[Stored data]
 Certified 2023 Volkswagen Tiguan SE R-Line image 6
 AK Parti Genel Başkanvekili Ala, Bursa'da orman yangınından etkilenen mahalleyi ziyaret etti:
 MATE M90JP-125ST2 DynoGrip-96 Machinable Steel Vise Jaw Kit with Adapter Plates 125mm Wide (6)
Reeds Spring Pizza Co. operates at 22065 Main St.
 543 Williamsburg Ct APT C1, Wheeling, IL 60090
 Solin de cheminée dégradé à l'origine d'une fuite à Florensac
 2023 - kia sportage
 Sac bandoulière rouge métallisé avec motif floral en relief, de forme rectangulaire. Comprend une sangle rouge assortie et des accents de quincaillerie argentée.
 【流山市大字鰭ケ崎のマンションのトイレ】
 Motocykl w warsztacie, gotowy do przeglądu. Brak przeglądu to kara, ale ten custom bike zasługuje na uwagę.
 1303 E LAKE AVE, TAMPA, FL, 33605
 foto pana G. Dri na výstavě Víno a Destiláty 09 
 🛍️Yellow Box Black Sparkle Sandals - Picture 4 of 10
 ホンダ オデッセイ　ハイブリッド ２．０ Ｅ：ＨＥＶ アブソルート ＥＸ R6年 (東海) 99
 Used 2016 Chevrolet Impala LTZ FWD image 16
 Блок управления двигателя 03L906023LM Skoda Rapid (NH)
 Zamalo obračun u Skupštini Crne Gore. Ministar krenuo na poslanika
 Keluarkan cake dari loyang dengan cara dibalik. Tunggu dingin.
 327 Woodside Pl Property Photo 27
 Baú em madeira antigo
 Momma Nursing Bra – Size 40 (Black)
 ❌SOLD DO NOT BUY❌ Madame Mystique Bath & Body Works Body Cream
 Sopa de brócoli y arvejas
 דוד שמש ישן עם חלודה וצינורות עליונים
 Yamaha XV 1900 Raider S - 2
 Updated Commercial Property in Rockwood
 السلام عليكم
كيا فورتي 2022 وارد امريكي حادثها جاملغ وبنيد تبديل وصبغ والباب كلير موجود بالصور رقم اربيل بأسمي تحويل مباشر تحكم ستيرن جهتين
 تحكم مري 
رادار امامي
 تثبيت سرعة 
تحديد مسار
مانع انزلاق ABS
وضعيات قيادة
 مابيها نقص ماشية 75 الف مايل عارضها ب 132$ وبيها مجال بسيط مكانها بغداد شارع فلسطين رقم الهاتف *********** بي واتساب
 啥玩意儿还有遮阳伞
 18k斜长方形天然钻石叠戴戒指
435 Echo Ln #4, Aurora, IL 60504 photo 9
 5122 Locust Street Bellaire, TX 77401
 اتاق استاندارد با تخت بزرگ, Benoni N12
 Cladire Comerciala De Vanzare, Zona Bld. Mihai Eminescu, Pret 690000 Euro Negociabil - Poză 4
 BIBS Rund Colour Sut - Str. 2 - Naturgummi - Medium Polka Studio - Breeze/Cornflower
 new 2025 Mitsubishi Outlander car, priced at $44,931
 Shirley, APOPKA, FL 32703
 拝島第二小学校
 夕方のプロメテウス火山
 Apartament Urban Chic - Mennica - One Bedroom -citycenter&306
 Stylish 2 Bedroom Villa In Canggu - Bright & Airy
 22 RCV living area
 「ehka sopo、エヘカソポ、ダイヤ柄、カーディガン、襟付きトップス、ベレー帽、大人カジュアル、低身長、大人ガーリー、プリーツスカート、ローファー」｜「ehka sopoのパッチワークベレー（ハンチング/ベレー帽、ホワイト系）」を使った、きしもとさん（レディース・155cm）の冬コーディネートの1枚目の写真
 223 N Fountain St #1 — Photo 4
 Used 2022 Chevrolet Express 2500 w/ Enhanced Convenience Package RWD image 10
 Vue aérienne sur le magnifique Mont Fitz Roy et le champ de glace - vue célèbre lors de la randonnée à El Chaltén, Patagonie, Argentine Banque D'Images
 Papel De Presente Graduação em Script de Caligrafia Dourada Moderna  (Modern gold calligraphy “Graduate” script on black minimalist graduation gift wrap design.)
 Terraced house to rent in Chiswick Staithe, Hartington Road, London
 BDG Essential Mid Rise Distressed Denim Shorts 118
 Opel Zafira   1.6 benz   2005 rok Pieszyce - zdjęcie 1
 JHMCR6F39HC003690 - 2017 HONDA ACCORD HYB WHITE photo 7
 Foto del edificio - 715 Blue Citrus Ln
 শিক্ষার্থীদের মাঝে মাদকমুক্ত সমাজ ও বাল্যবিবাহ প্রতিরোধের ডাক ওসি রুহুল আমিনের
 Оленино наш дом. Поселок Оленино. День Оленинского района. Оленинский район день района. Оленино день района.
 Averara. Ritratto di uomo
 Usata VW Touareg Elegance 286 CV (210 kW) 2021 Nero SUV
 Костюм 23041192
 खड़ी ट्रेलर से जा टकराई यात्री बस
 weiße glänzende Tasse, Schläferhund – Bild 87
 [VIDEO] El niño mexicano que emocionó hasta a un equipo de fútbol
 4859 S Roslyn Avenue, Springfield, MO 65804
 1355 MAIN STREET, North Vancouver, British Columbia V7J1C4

THE TASK
The lines above should be printed again, exactly as they are.

RESULT OF THIS EXERCISE
 Certified 2023 Volkswagen Tiguan SE R-Line image 6
 AK Parti Genel Başkanvekili Ala, Bursa'da orman yangınından etkilenen mahalleyi ziyaret etti:
 MATE M90JP-125ST2 DynoGrip-96 Machinable Steel Vise Jaw Kit with Adapter Plates 125mm Wide (6)
Reeds Spring Pizza Co. operates at 22065 Main St.
 543 Williamsburg Ct APT C1, Wheeling, IL 60090
 Solin de cheminée dégradé à l'origine d'une fuite à Florensac
 2023 - kia sportage
 Sac bandoulière rouge métallisé avec motif floral en relief, de forme rectangulaire. Comprend une sangle rouge assortie et des accents de quincaillerie argentée.
 【流山市大字鰭ケ崎のマンションのトイレ】
 Motocykl w warsztacie, gotowy do przeglądu. Brak przeglądu to kara, ale ten custom bike zasługuje na uwagę.
 1303 E LAKE AVE, TAMPA, FL, 33605
 foto pana G. Dri na výstavě Víno a Destiláty 09 
 🛍️Yellow Box Black Sparkle Sandals - Picture 4 of 10
 ホンダ オデッセイ　ハイブリッド ２．０ Ｅ：ＨＥＶ アブソルート ＥＸ R6年 (東海) 99
 Used 2016 Chevrolet Impala LTZ FWD image 16
 Блок управления двигателя 03L906023LM Skoda Rapid (NH)
 Zamalo obračun u Skupštini Crne Gore. Ministar krenuo na poslanika
 Keluarkan cake dari loyang dengan cara dibalik. Tunggu dingin.
 327 Woodside Pl Property Photo 27
 Baú em madeira antigo
 Momma Nursing Bra – Size 40 (Black)
 ❌SOLD DO NOT BUY❌ Madame Mystique Bath & Body Works Body Cream
 Sopa de brócoli y arvejas
 דוד שמש ישן עם חלודה וצינורות עליונים
 Yamaha XV 1900 Raider S - 2
 Updated Commercial Property in Rockwood
 السلام عليكم
كيا فورتي 2022 وارد امريكي حادثها جاملغ وبنيد تبديل وصبغ والباب كلير موجود بالصور رقم اربيل بأسمي تحويل مباشر تحكم ستيرن جهتين
 تحكم مري 
رادار امامي
 تثبيت سرعة 
تحديد مسار
مانع انزلاق ABS
وضعيات قيادة
 مابيها نقص ماشية 75 الف مايل عارضها ب 132$ وبيها مجال بسيط مكانها بغداد شارع فلسطين رقم الهاتف *********** بي واتساب
 啥玩意儿还有遮阳伞
 18k斜长方形天然钻石叠戴戒指
435 Echo Ln #4, Aurora, IL 60504 photo 9
 5122 Locust Street Bellaire, TX 77401
 اتاق استاندارد با تخت بزرگ, Benoni N12
 Cladire Comerciala De Vanzare, Zona Bld. Mihai Eminescu, Pret 690000 Euro Negociabil - Poză 4
 BIBS Rund Colour Sut - Str. 2 - Naturgummi - Medium Polka Studio - Breeze/Cornflower
 new 2025 Mitsubishi Outlander car, priced at $44,931
 Shirley, APOPKA, FL 32703
 拝島第二小学校
 夕方のプロメテウス火山
 Apartament Urban Chic - Mennica - One Bedroom -citycenter&306
 Stylish 2 Bedroom Villa In Canggu - Bright & Airy
 22 RCV living area
 「ehka sopo、エヘカソポ、ダイヤ柄、カーディガン、襟付きトップス、ベレー帽、大人カジュアル、低身長、大人ガーリー、プリーツスカート、ローファー」｜「ehka sopoのパッチワークベレー（ハンチング/ベレー帽、ホワイト系）」を使った、きしもとさん（レディース・155cm）の冬コーディネートの1枚目の写真
 223 N Fountain St #1 — Photo 4
 Used 2022 Chevrolet Express 2500 w/ Enhanced Convenience Package RWD image 10
 Vue aérienne sur le magnifique Mont Fitz Roy et le champ de glace - vue célèbre lors de la randonnée à El Chaltén, Patagonie, Argentine Banque D'Images
 Papel De Presente Graduação em Script de Caligrafia Dourada Moderna  (Modern gold calligraphy “Graduate” script on black minimalist graduation gift wrap design.)
 Terraced house to rent in Chiswick Staithe, Hartington Road, London
 BDG Essential Mid Rise Distressed Denim Shorts 118
 Opel Zafira   1.6 benz   2005 rok Pieszyce - zdjęcie 1
 JHMCR6F39HC003690 - 2017 HONDA ACCORD HYB WHITE photo 7
 Foto del edificio - 715 Blue Citrus Ln
 শিক্ষার্থীদের মাঝে মাদকমুক্ত সমাজ ও বাল্যবিবাহ প্রতিরোধের ডাক ওসি রুহুল আমিনের
 Оленино наш дом. Поселок Оленино. День Оленинского района. Оленинский район день района. Оленино день района.
 Averara. Ritratto di uomo
 Usata VW Touareg Elegance 286 CV (210 kW) 2021 Nero SUV
 Костюм 23041192
 खड़ी ट्रेलर से जा टकराई यात्री बस
 weiße glänzende Tasse, Schläferhund – Bild 87
 [VIDEO] El niño mexicano que emocionó hasta a un equipo de fútbol
 4859 S Roslyn Avenue, Springfield, MO 65804
 1355 MAIN STREET, North Vancouver, British Columbia V7J1C4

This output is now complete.